Why "id-2"|"B:C" instead of "id-2"|"C:B" in output when C value comes first. — anubhava
– anubhava, Commented Oct 12, 2017 at 13:57
@Qedrix just be aware that any awk solution using the in operator (e.g. for (i in array)) unless it's gawk and sets sorted_in will not produce sorted output - if the output looks like it IS sorted, that's pure coincidence with your specific data set and you can be sure it will not be with other input. — Ed Morton
– Ed Morton, Commented Oct 12, 2017 at 18:38

Sundeep · Accepted Answer · 2017-10-12 14:10:11Z

2

quick fix:

$ awk -F "|" '!seen[$0]++{if(a[$1])a[$1]=a[$1]":"$2; else a[$1]=$2;}END{for (i in a)print i, a[i];}' OFS="|" file 
"id-1"|"A":"B":"D"
"id-2"|"C":"B"
"id-3"|"A"

!seen[$0]++ will be true only if line was not already seen

If second column should all be within double quotes

$ awk -v dq='"' 'BEGIN{FS=OFS="|"}
                 !seen[$0]++{a[$1]=a[$1] ? a[$1]":"$2 : $2}
                 END{for (i in a){gsub(dq,"",a[i]); print i, dq a[i] dq}}' file
"id-1"|"A:B:D"
"id-2"|"C:B"
"id-3"|"A"

edited Oct 12, 2017 at 14:10

answered Oct 12, 2017 at 13:55

Sundeep

23.9k2 gold badges35 silver badges131 bronze badges

Sign up to request clarification or add additional context in comments.

2 Comments

RomanPerekhrest Over a year ago

should not it be "B:C" in the 2nd line?

Sundeep Over a year ago

@RomanPerekhrest I am not sorting it, hopefully OP will clarify if that is a requirement

Ed Morton · Accepted Answer · 2017-10-12 18:35:02Z

2

With GNU awk for true multi-dimensional arrays and gensub() and sorted_in:

$ awk -F'|' '
    { a[$1][gensub(/"/,"","g",$2)] }
    END {
        PROCINFO["sorted_in"] = "@ind_str_asc"
        for (i in a) {
            c = 0
            for (j in a[i]) {
                printf "%s%s", (c++ ? ":" : i "|\""), j
            }
            print "\""
        }
    }
' file
"id-1"|"A:B:D"
"id-2"|"B:C"
"id-3"|"A"

The output rows and columns will both be string-sorted (i.e. alphabetically by characters) in ascending order.

edited Oct 12, 2017 at 18:35

answered Oct 12, 2017 at 15:06

Ed Morton

209k18 gold badges90 silver badges212 bronze badges

3 Comments

anubhava Over a year ago

This is best answer here.
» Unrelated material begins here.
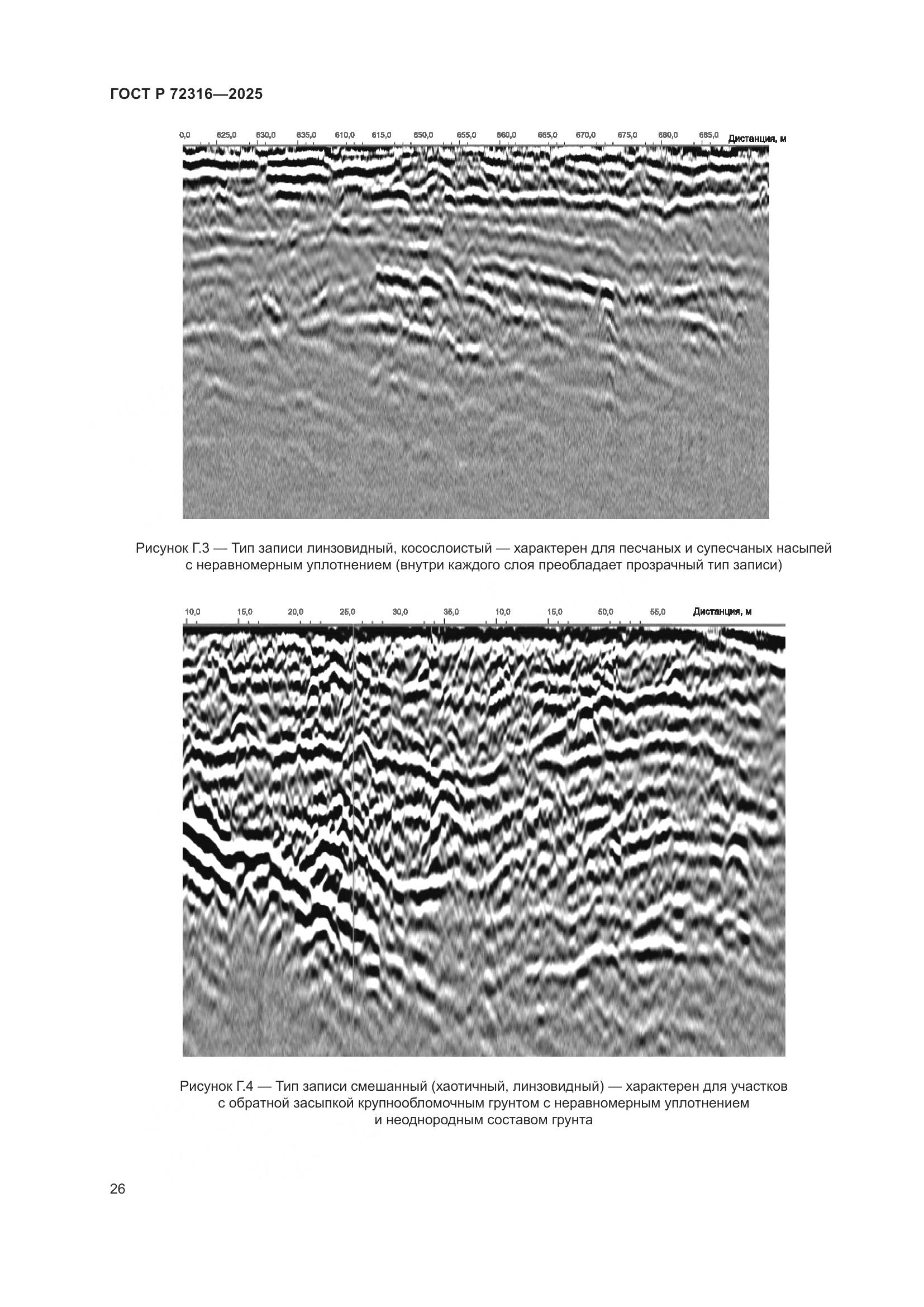 ГОСТ Р 72316-2025, страница 30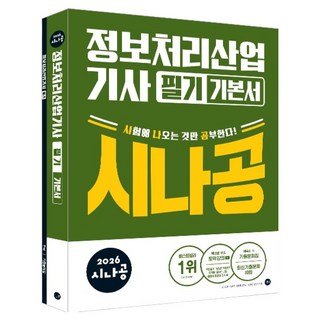 2026 시나공 정보처리산업기사 필기 기본서, 길벗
Though I don't understand how it got B:C instead of C:B since C appeared first in input.

Ed Morton Over a year ago

Pure coincidence. The in operator visits the array indices in hash order (or other randomness but that's the usual...) so the output could've been in any order.

Ed Morton Over a year ago

@anubhava The OP just added a comment that she wanted the output sorted so I've add thesorted_in statement to take care of that.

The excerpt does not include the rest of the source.